More than 500 agricultural groups opposed splitting food assistance programs away from the farm bill. The two have been paired since the 1980s in order to garner urban and consumer support for the farm bill.

Reaction to the House vote came quickly:

"The farm bill passed today by the House of Representatives is seriously flawed, in that it contains the Goodlatte-Scott dairy amendment, as well as a repeal of permanent agricultural law," says Jerry Kozak, President and CEO of the National Milk Producers Federation.  "Neither of these measures serves the best long-term interests of dairy farmers.

"Nevertheless, today’s action means that there is still hope that a new farm bill can be passed in 2013," he says. "Without any progress toward a Senate-House conference committee, we were looking at yet another one-year extension of current programs, which is unacceptable.

Today’s vote means that agricultural leaders now can work on improving the House bill and developing better dairy policy than what exists now, and what is contained in this House bill."

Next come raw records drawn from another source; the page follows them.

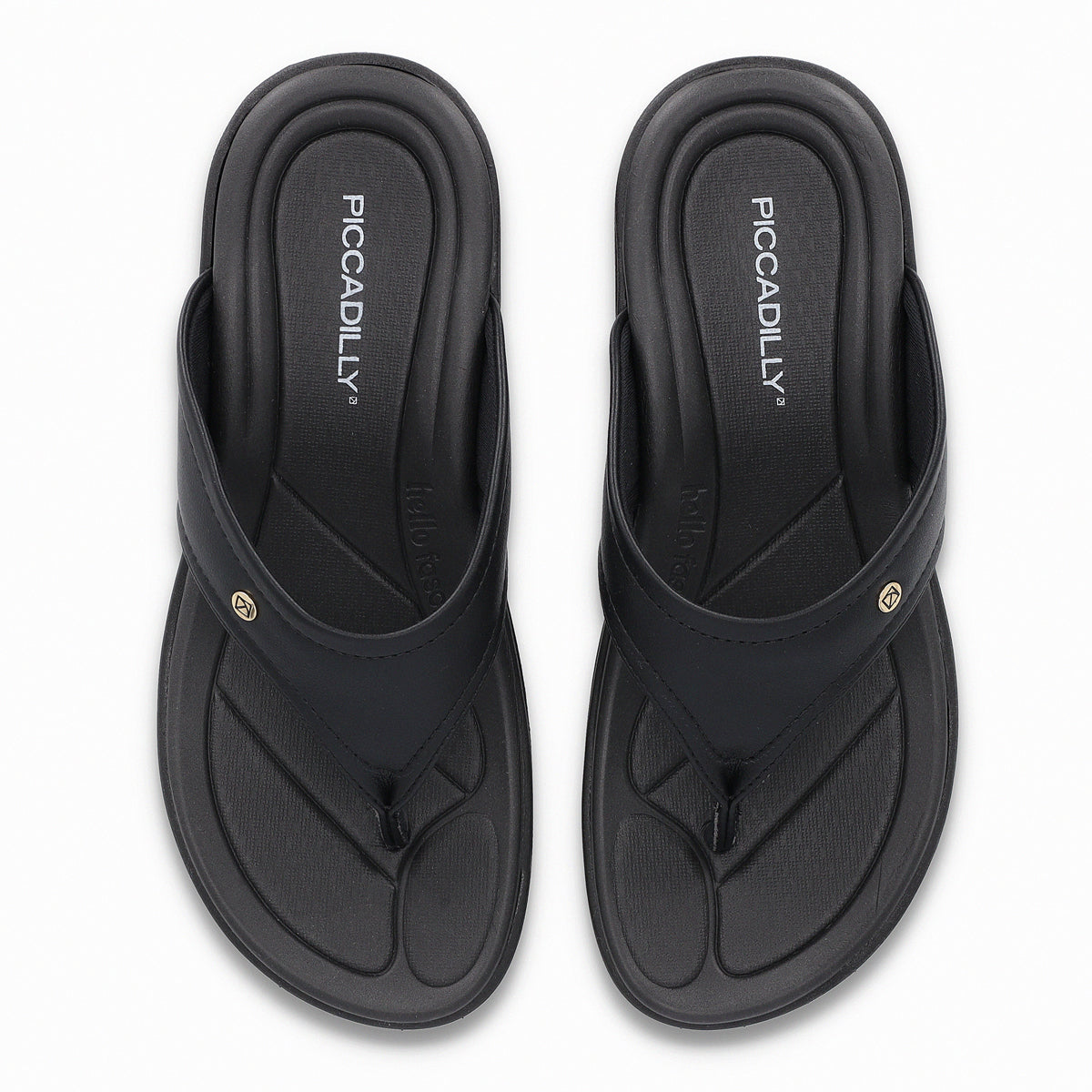Sandalia Fascitis Anabela Negro 16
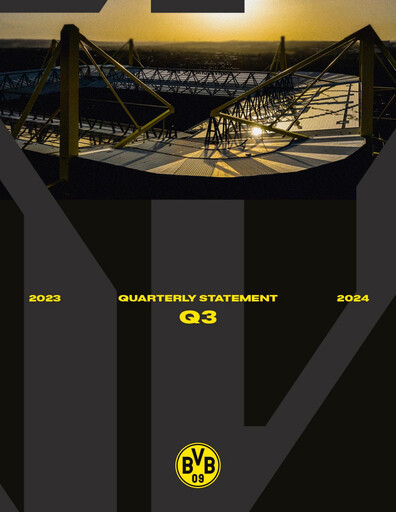 Thumbnail Borussia Dortmund
 Quarterly Report 2023-q3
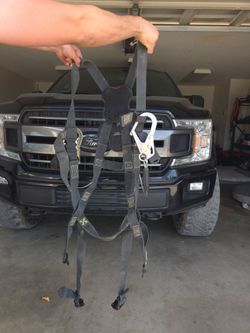 Fall protection harness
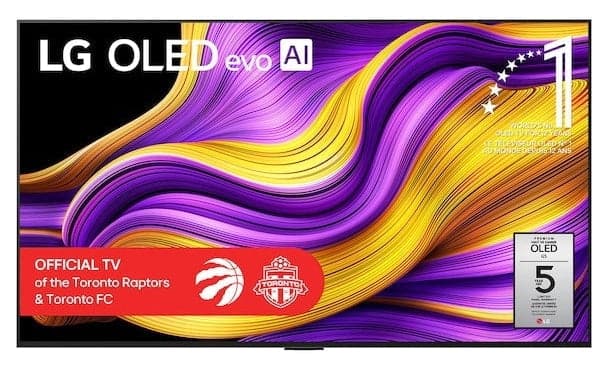 Openbox - LG OLED evo G5 55" 4K OLED Smart TV with webOS (OLED55G5WUA)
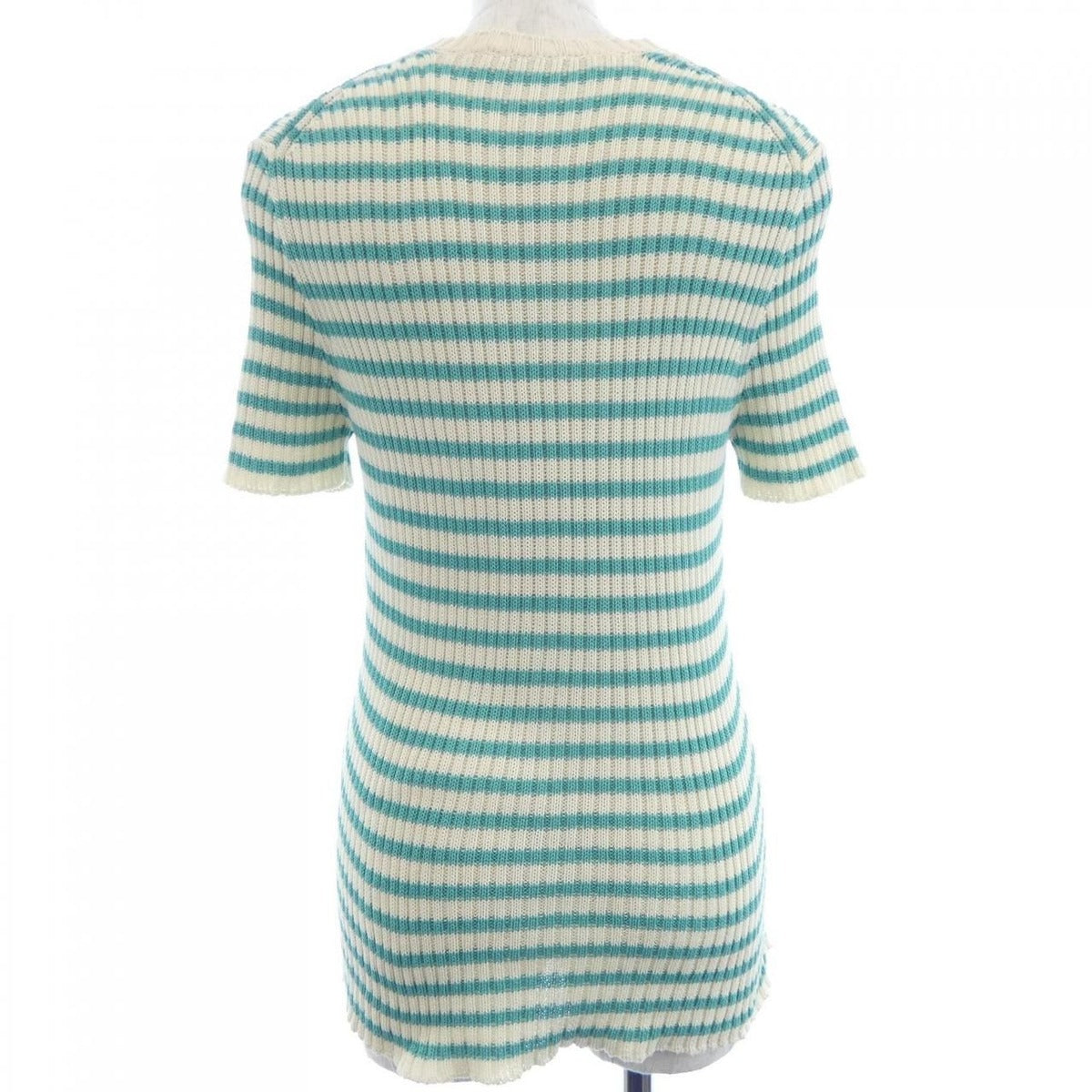 Dior Knit Top Green — view 2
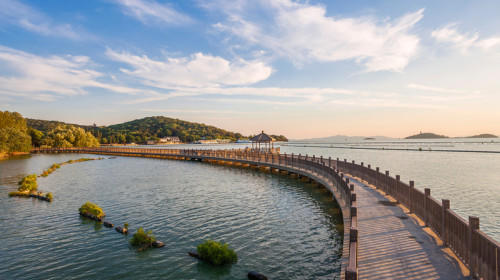 无锡鼋头渚、船游太湖仙岛一日游 商品图1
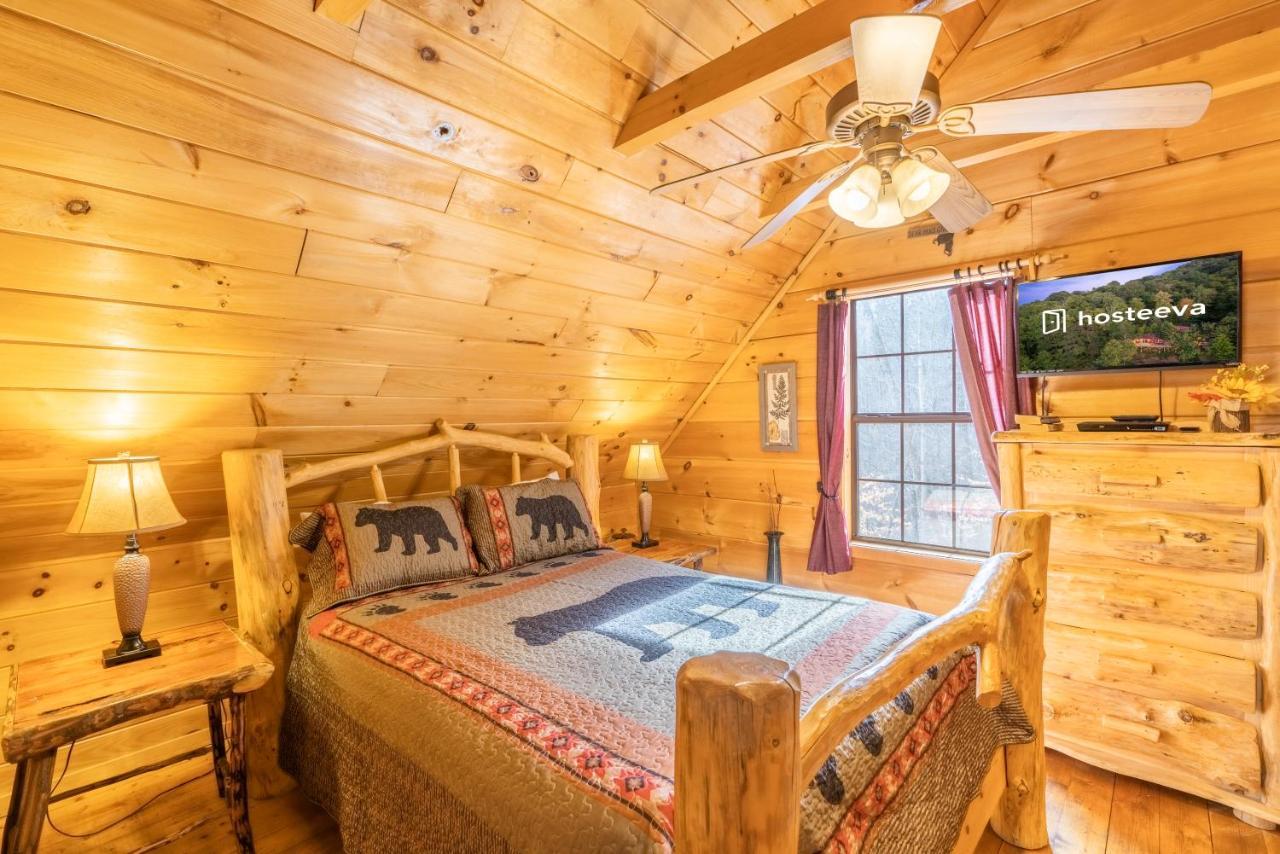 Moonshine Ridge Cabin With Hot Tub And Fire Pit Пиджен-Фордж Экстерьер фото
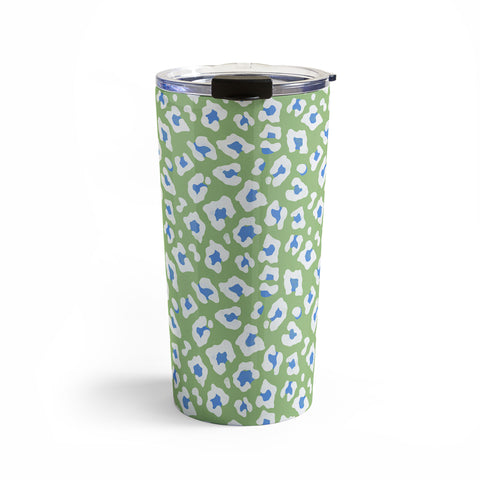 Avenie BR Cheetah Print Travel Mug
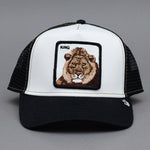 Goorin Bros - The King Lion - Trucker/Snapback - Black/White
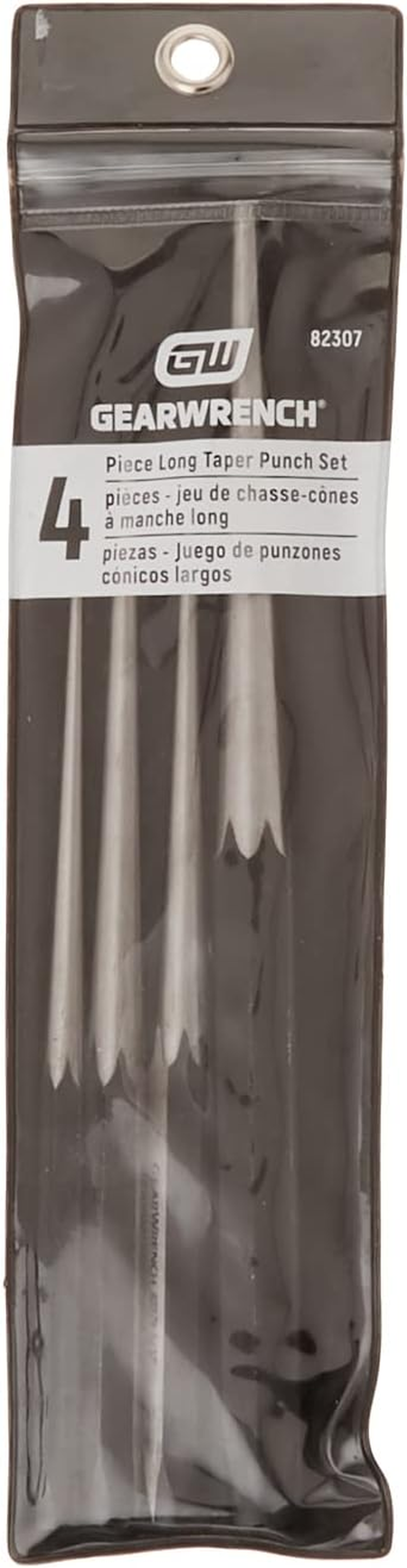 Gearwrench Long Taper Punch Set 4-Pieces image number 3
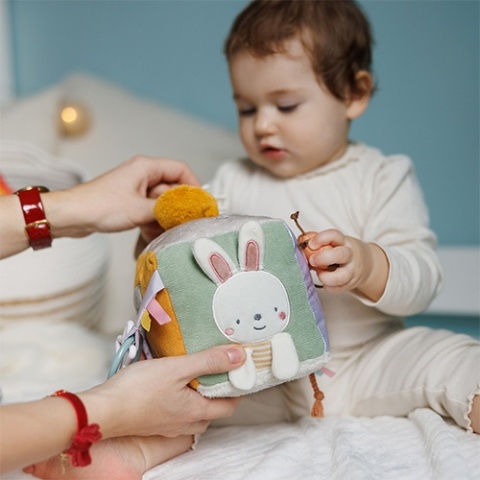 Babyono Kostka sensoryczna NATURE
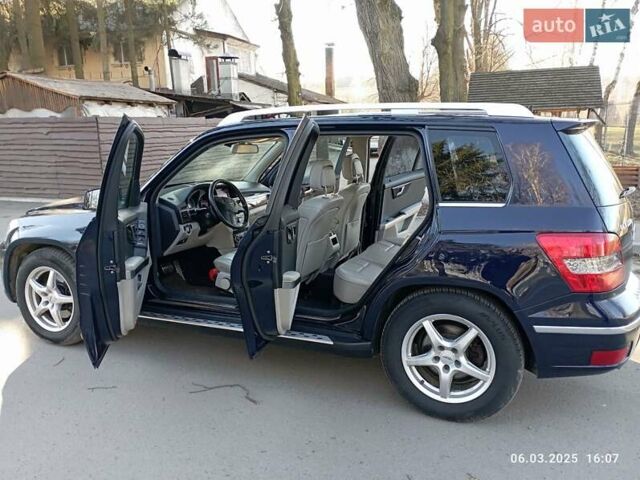 Синий Мерседес ГЛК-Класс, объемом двигателя 2.14 л и пробегом 232 тыс. км за 16500 $, фото 1 на Automoto.ua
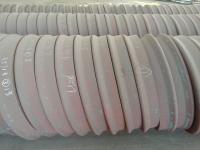 Kingrail Steel Rail Wheel , Locomotive Train Wheels ER6 ER7 Material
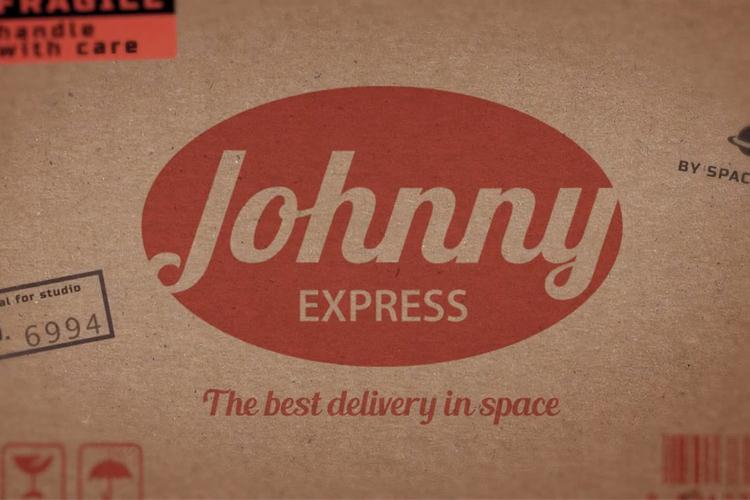 معرفی انیمیشن کوتاه Johnny Express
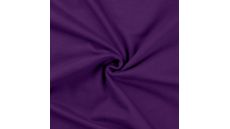 French terry počesaná - purple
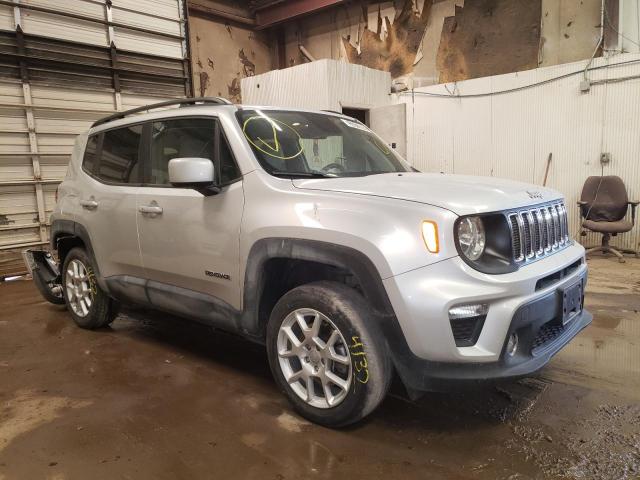 Jeep salvage cars for sale: 2020 Jeep Renegade L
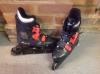 Malibu Black/Red Inline Roller Skates/Blades Size 5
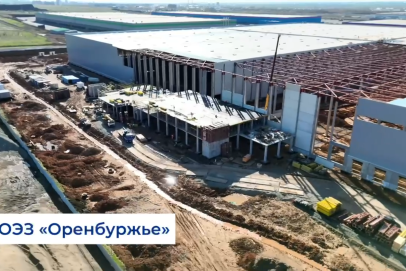 Скоро начнется набор работников в центр Wildberries, который строят под Оренбургом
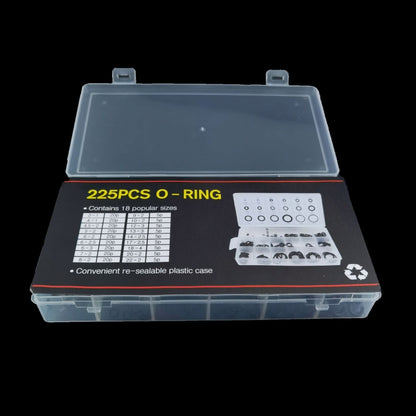 225pcs /Pack Car Silicone Seal Rubber Combination - Others by buy2fix | Online Shopping UK | buy2fix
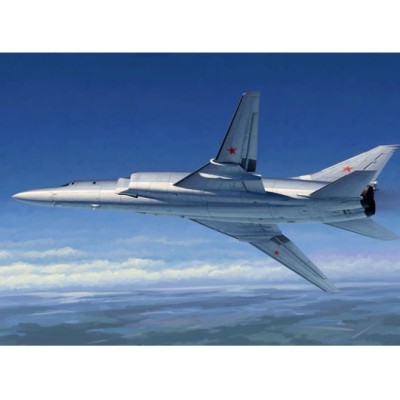 TRU01655 TU-22M2 BACKFIRE B STRAT.BOMBER 1/72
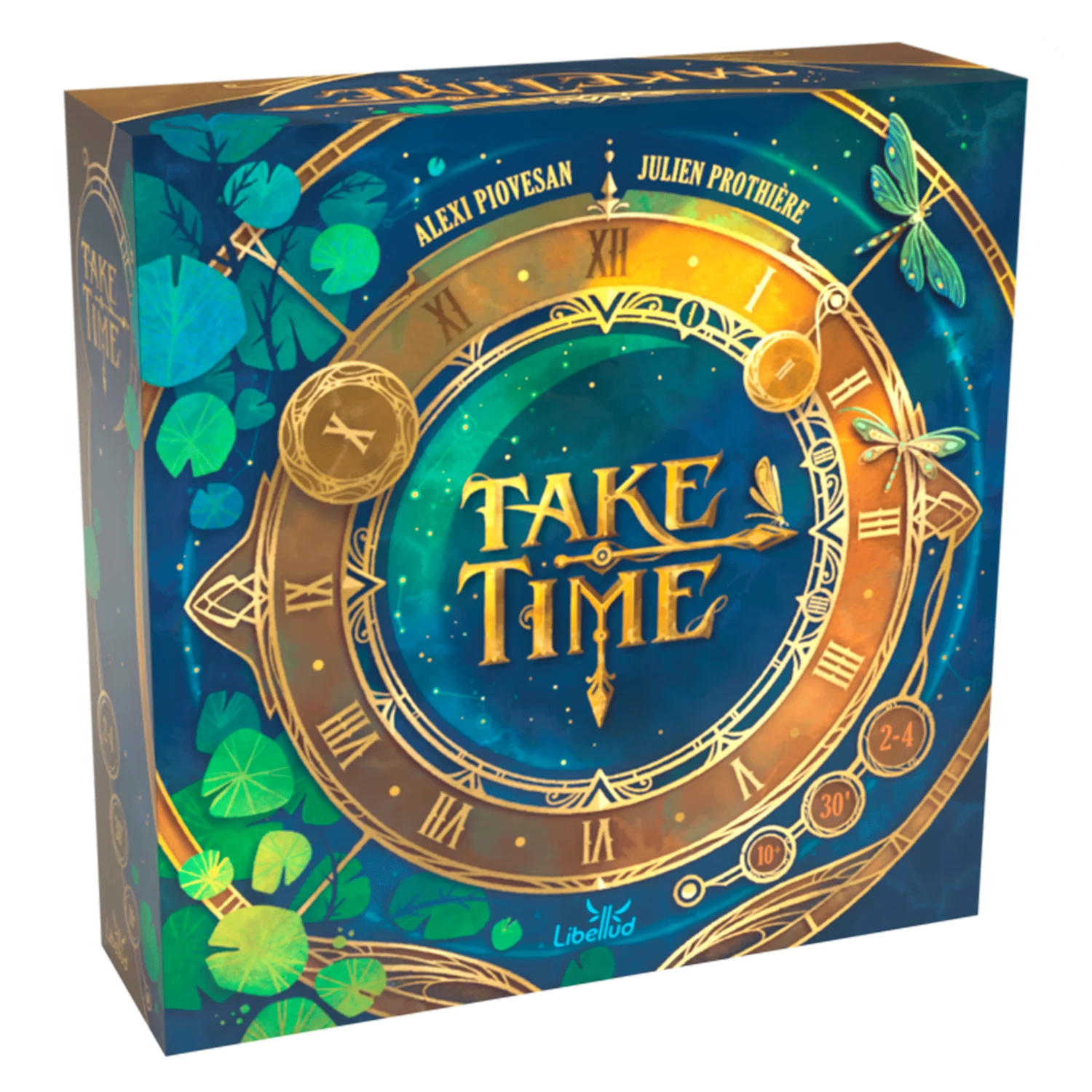 Take time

Dairy processors see it differently. "The House-passed version of the Farm Bill will allow our industry to continue to grow and create thousands more jobs," says Jerry Slominski, Senior Vice President of Legislative and Economic Affairs for the International Dairy Foods Association. "The Senate-passed version of the farm bill, however, continues to include the divisive milk supply management policy that is opposed by national consumer groups, supermarket chains, restaurants, taxpayers, the Teamsters union and many dairy producers, including the second-largest dairy cooperative.

"We support the aid to dairy farmers in the House bill, but we oppose the Senate dairy package. We will continue to educate the Senate and House conferees, showing that we can help dairy farmers through difficult economic times without making it more difficult for millions of families to afford healthy and nutritious dairy products."